Prudential Investment Managers

Prudential Investment Managers

May 2019

What to do with your retirement benefit after you’ve resigned

There are three main Rs related to leaving your job: you’ve either retired, been retrenched, or resigned. Retirement is what you’ve been saving and investing towards for years; retrenchment is (in most cases) what you’ve been insuring yourself against; and resignation is usually an intentional move… but when it happens, many investors aren’t quite sure what to do. 

One of the biggest financial questions you’ll have to answer when you quit your job is what to do with your retirement savings. If you’ve been contributing to your employer’s pension or provident fund, you have a few options, of which the two most common are either to cash out the funds, or to transfer them to a preservation fund. A preservation fund is an investment vehicle that allows you to keep all of your savings intact, and you don’t incur any tax on transfer. Instead, your money continues to grow tax-free until you retire and start drawing down funds from it.  
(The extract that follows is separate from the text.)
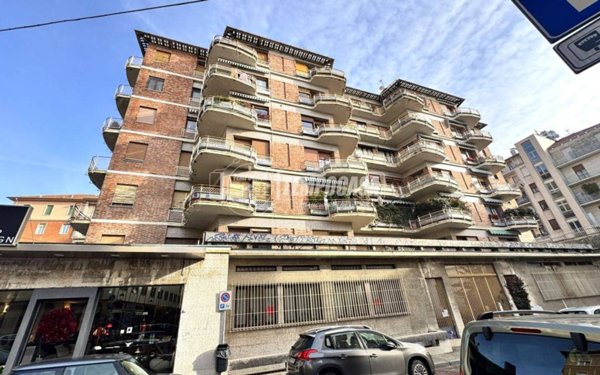 appartamento in vendita a Biella in zona Centro Città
While these two options seem fairly straightforward, it’s often at this intersection where the big battle between your head and your heart takes place… do you take the money and run, or do you act wisely and invest in your future? 

Depending on how long you’ve been working, and how much you’ve contributed, there might be a fairly generous amount of cash sitting in your retirement fund. It’s hugely tempting to take the money and use it for things like paying off your credit card, renovating your home or splashing out on a well-deserved holiday. But if you speak to your financial adviser, they’ll probably offer you a single simple piece of advice: Don’t do it

Countless studies and surveys have shown that the vast majority of South African retirement fund members aren’t retiring with enough money. One of the leading causes of this is that members aren’t saving enough, which is then exacerbated when they decide against preserving their retirement benefit after changing jobs. And even though the cash might look tempting, once the taxman takes his slice right away (which he does to discourage exactly this kind of behaviour), you’re likely to end up with significantly less than what you’d hoped for. 

Perhaps you’re thinking that you can simply “catch up” on your retirement savings by contributing more at a later stage. If this is the case, you may be in for an unpleasant surprise. Not only is your retirement benefit reduced by taxes (as mentioned above), it also misses out on the opportunity to compound over time. What this means that you’ll end up having to contribute a lot more than what you took out, simply to break even. Try our retirement fund calculator to see just how much of a difference a few thousand rands can have on your long-term retirement goals. The results are often scary! 

Leaving your job is a major event in your life, and you’ll need a steady hand (and a clear head) to guide you through it, helping to make sure that you stay on track towards your retirement goals. Your financial adviser will be able to assist you in making the most appropriate decision for your particular circumstances: your risk profile, your time horizon, and your ultimate goals. 

In summary, the key thing when you’re leaving or changing jobs is to manage your retirement benefit correctly. In most instances, it’s better to transfer your retirement benefits directly into a preservation fund. And if the urge to take the cash starts seeming more and more appealing, remember… that lump-sum payment could either be a valuable part of your existing investment strategy, or (if you choose poorly) a missed opportunity. Don’t sacrifice your long-term well-being for a short-term gain.